Relative Finder does disclose a little data in advance of contact, namely sex, country and one or two "haplogroups." They use a couple of hundred haplogroups, with widely varying distributions, but for a male, two haplogroups might identify you to one in 40,000 -- which is to say, uniquely in the 23andMe database (except for your brothers.) Because of that I was able to spot, for example, somebody who had a high probability of being one of the family who donated full access to their DNA under pseudonyms so that users could see what the product did with a full family of scans. (Later, the pseudonyms were unmasked with permission from the parties, but this is beside the point.)
The business end
As the number of companies in this business grows, there will be a network effect and a bit of the "Highlander" problem -- there can be only one. That's because when it comes to genetic comparison, you want to compare against the largest database. Until whole-genome becomes cheap, there will be some other competitive differences but eventually it will all be down to database size.
We don't know who will lead in size, but it won't be very good to start up in a lower position. One thing that startups will do is offer to let people transfer their data from another company and get a free or cheap account. DecodeMe.com, for example, did a special offering free accounts to 23andMe members. They could do this because 23andMe, along with DecodeMe and Navigenics, let you download your scan results. There will be contention over this. The industry leader may want to stop letting people download, but companies that don't let you download should, quite rightly, lose business because they effectively lock you in. How much they will lose is another question. A savvy consumer might pass such a company by but others might accept lock-in in exchange for a lower price.
On the other hand, with the cost of sequencing dropping all the time, the lock-in will not last for long.
The smaller companies will realize that they must pool resources to compete. This is not very easy to do while following their privacy policies. There are algorithms, known as cryptographic blinding which can allow parties to perform operations (such as comparisons) without knowing what data they are working on.
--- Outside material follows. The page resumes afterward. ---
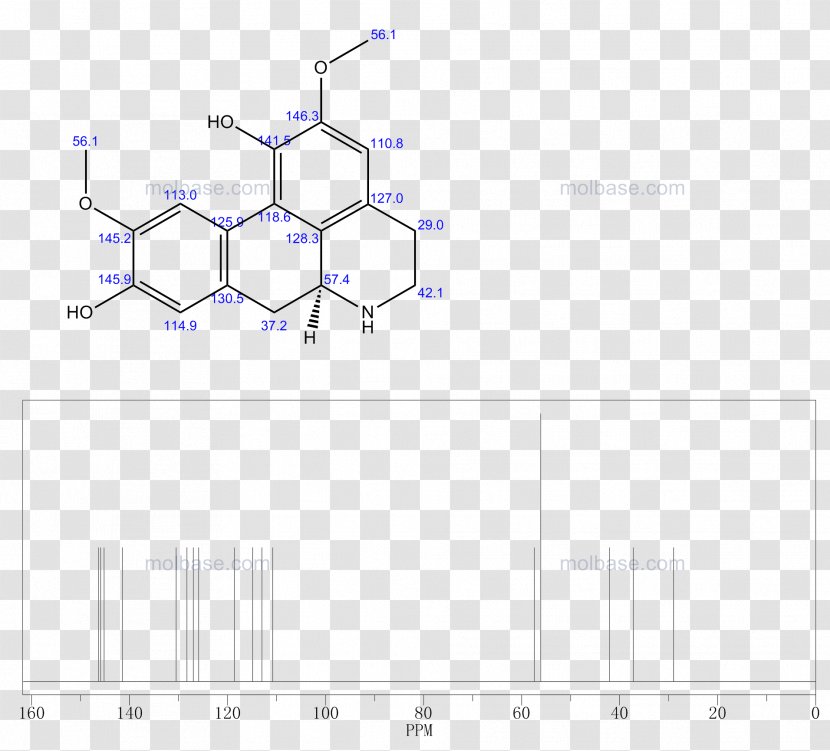 Product Design Angle Line Diagram - Boer Frame Transparent PNG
However, some companies will probably elect to be more lazy and just pass around the data, or pass it temporarily to a 3rd party comparing service.
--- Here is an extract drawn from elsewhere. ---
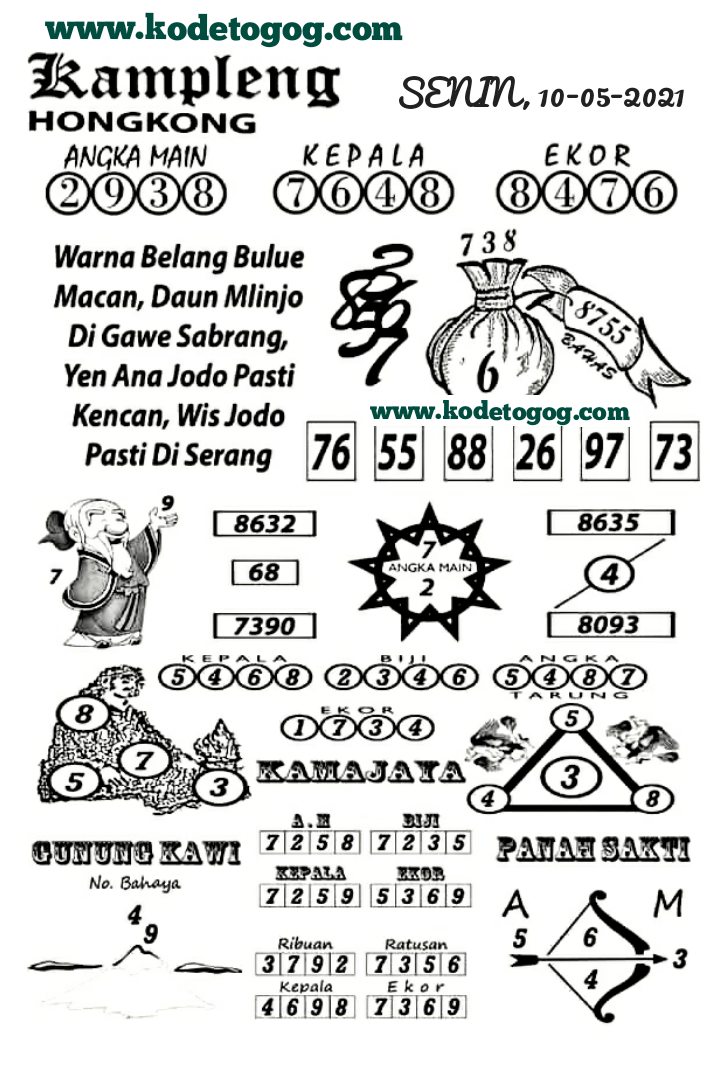Kode ramalan togog hongkong senin 10 mei 2021 KODE SYAIR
Either way, the likely result is all the small companies joining a big pool to get larger than the biggest company, which then will be forced to decide whether to fight or join. One way or another there will be a big pool.
I'm sure all the companies have thought about how they might apply relative matching with social networking. While I still believe it was unusual to have a 3rd and 4th cousin in my social network, it's not that unlikely to have many more distant cousins. When it comes to 10th cousins, I figure you have a couple hundred million of them, and so many will be known to you. As such, expect to see a Facebook application which tells you how related you are to all your facebook freinds.
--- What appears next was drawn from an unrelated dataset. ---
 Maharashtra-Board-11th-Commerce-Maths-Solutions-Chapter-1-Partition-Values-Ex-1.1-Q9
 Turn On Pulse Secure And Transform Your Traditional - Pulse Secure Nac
As full sequencing becomes cheap, and genealogy trees are brought in, expect algorithms to even start telling you how you are related, naming the ancestors. With the sequencing of large numbers of people, it will be possible to learn more and more about the genomes of dead ancestors. The more of a person's progeny you sequence, the larger a portion of the ancestor's DNA you can figure out. Someday, I imagine you might get sequenced and get told, "You are approximately 123,000th in line for the throne of England."